(Data shown Opens)

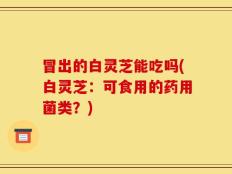 冒出的白灵芝能吃吗(白灵芝：可食用的药用菌类？)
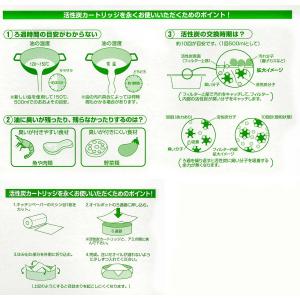 オダジマ 交換用 活性炭フィルター カートリッ...の詳細画像4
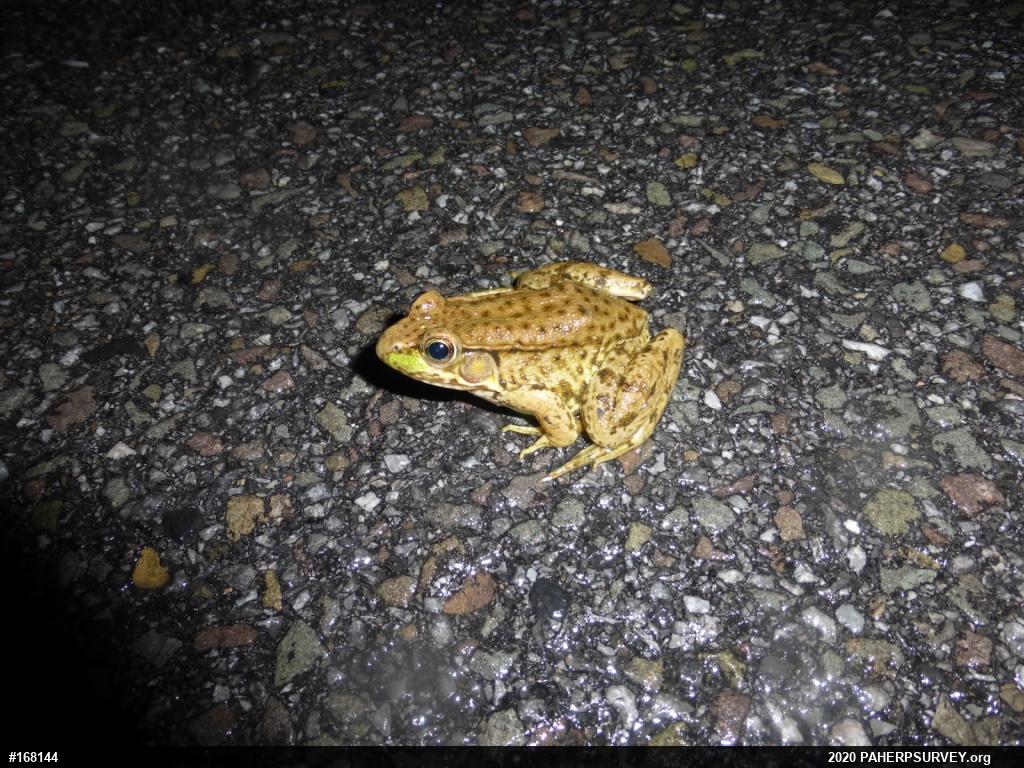 Green Frog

(Data shown Closes)

**Problem to work on:**
Transcribe the listing in full. Omit the pictures and keep every line exact.

**Task result:**
 冒出的白灵芝能吃吗(白灵芝：可食用的药用菌类？)
 オダジマ 交換用 活性炭フィルター カートリッ...の詳細画像4
 Green Frog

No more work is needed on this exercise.